PROVIDED RECORDS →
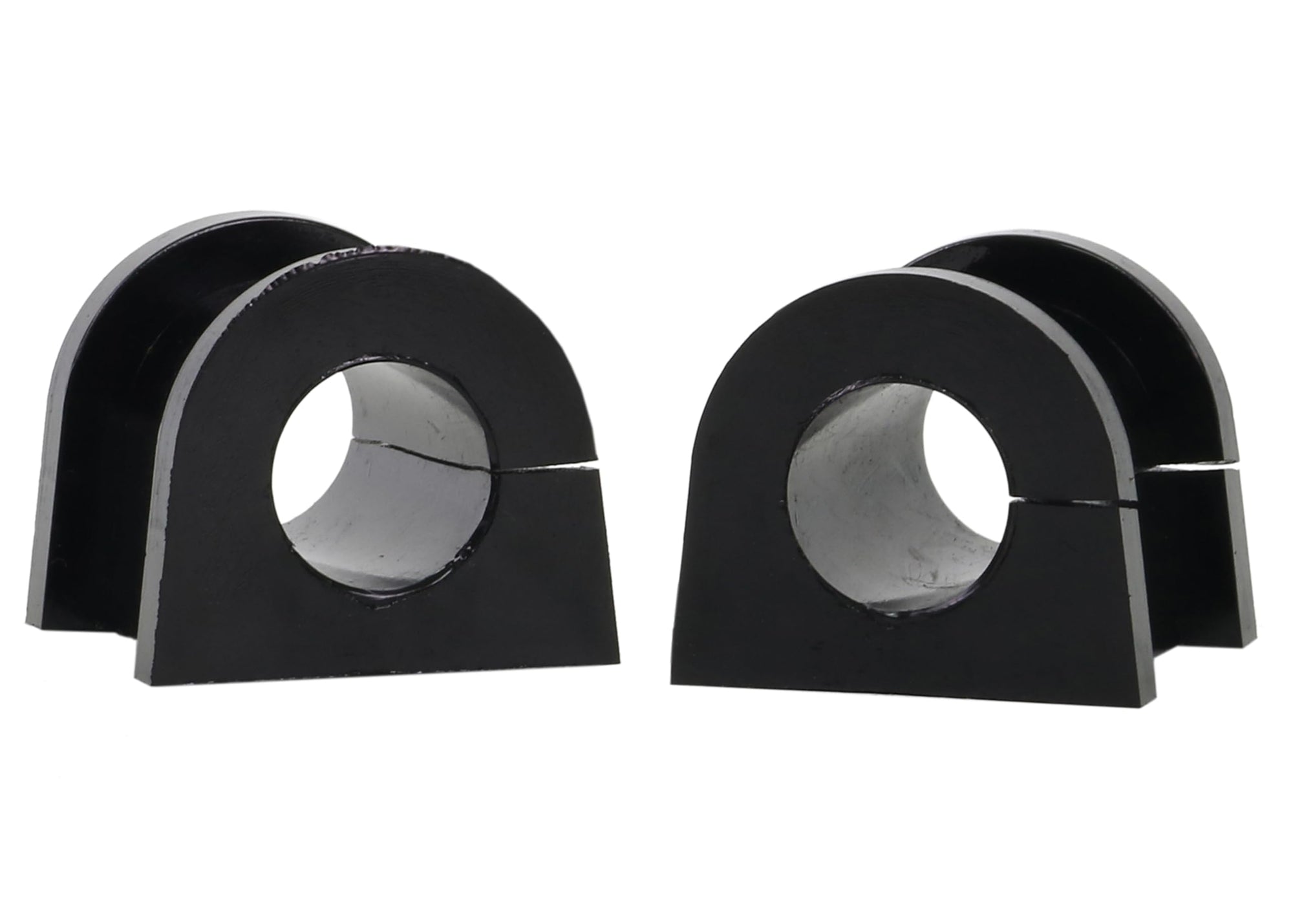 Nolathane Black Sway Bar Mount Bushing REV004.0104 (Front 17Mm)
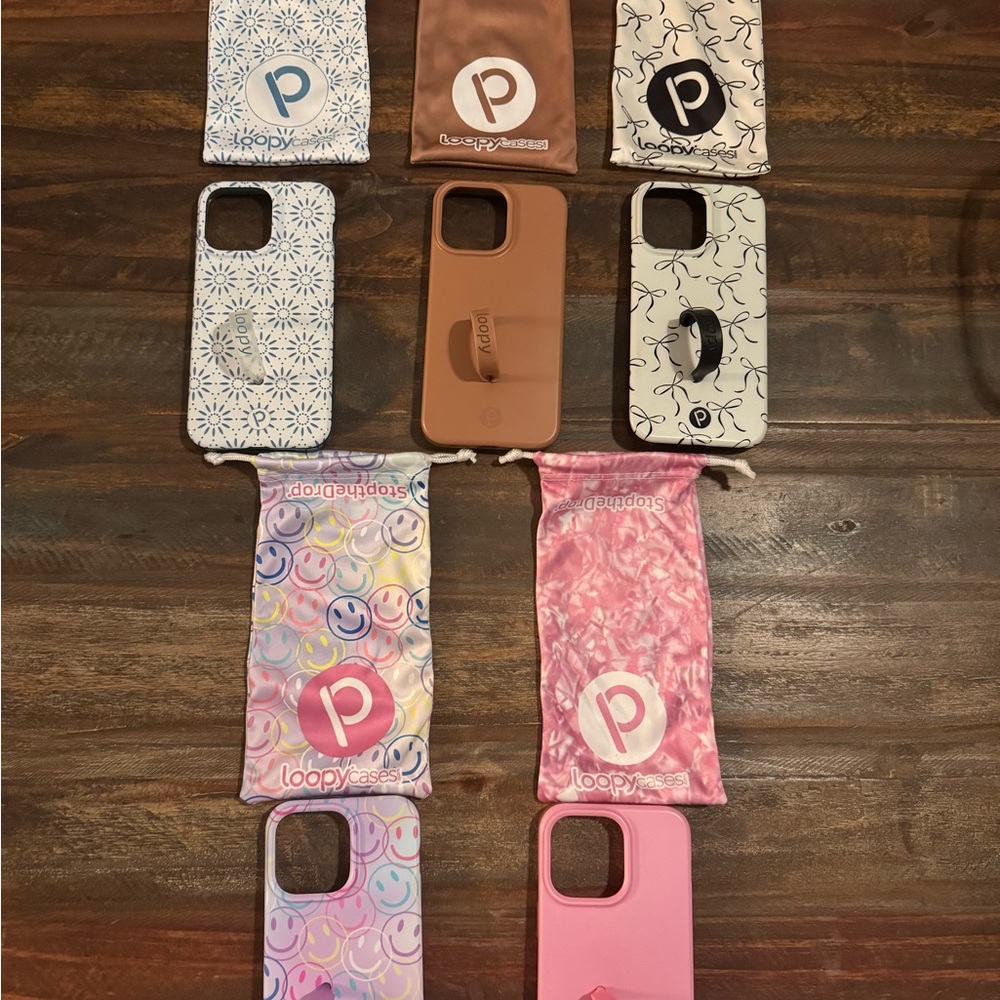 Loopy Case Brown Protective Phone Case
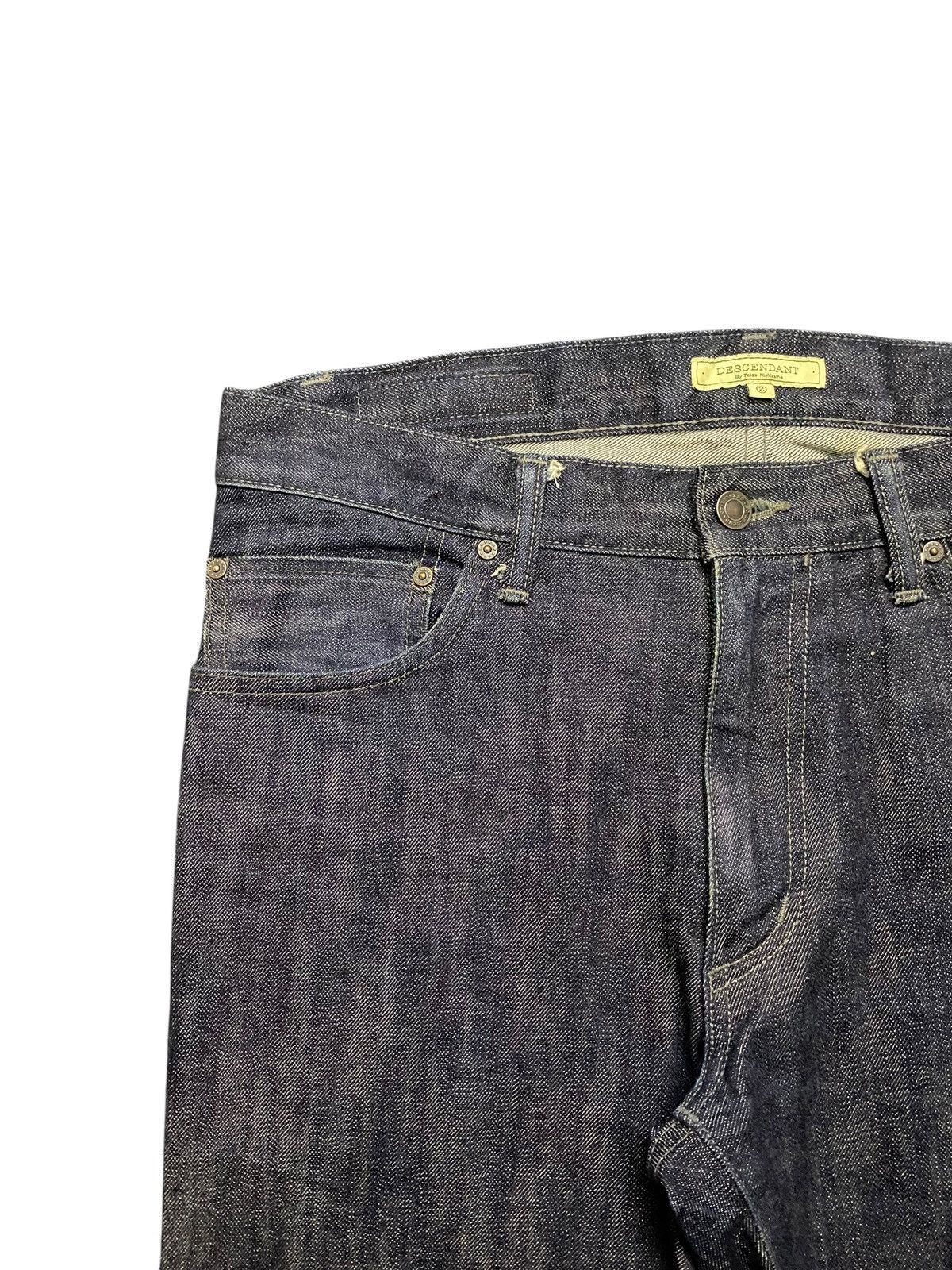 Descendant Descendant by Tetsu Nishiyama Blue Denim Size US 33 - 5 Thumbnail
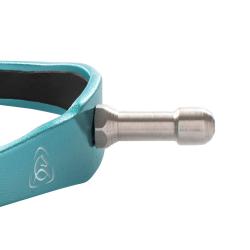 Arena Aluplus 2.0 Spurs With Rhinestones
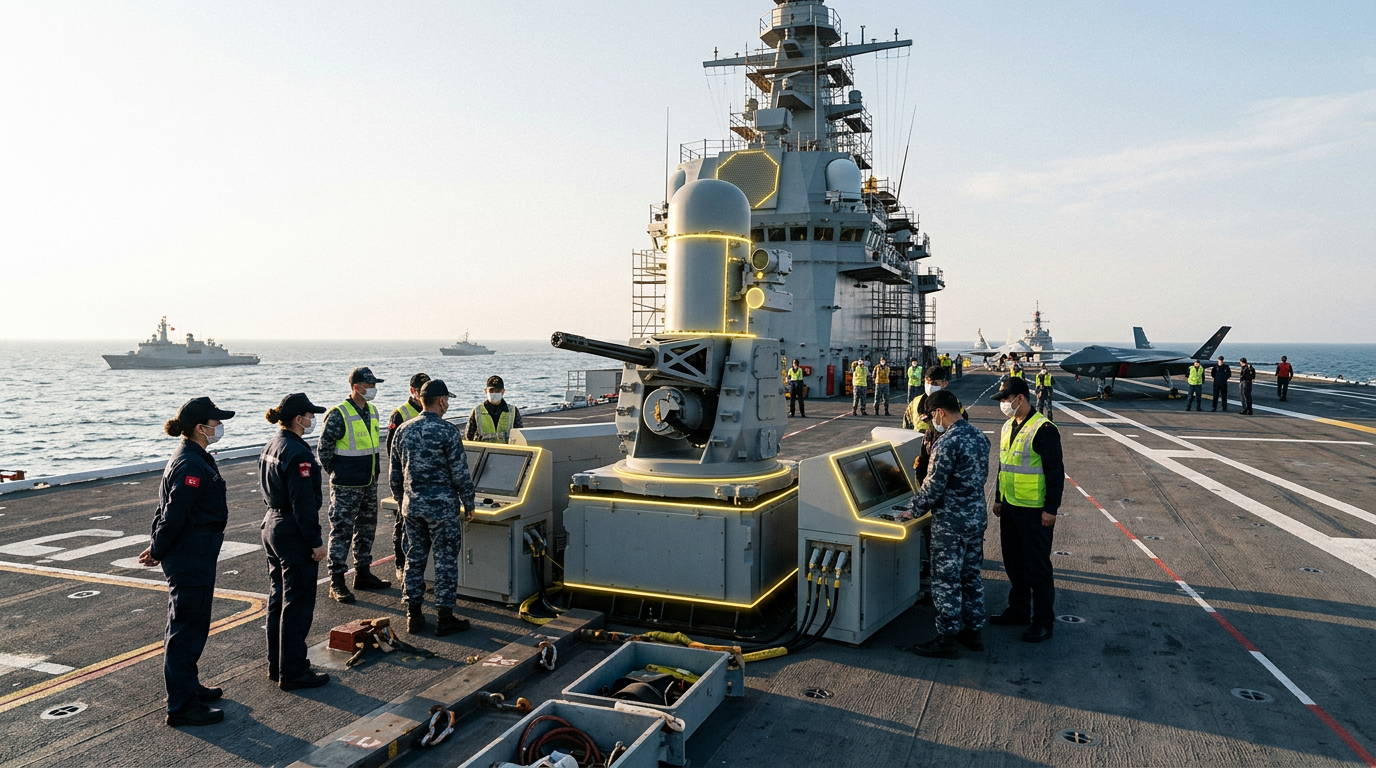 Indigenous Aircraft Carrier Platform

EXERCISE PROMPT → Give back exactly the lines from the line with "Descendant Descendant by" through the end of the material above, and omit every picture.

RESPONSE AREA →
 Descendant Descendant by Tetsu Nishiyama Blue Denim Size US 33 - 5 Thumbnail
 Arena Aluplus 2.0 Spurs With Rhinestones
 Indigenous Aircraft Carrier Platform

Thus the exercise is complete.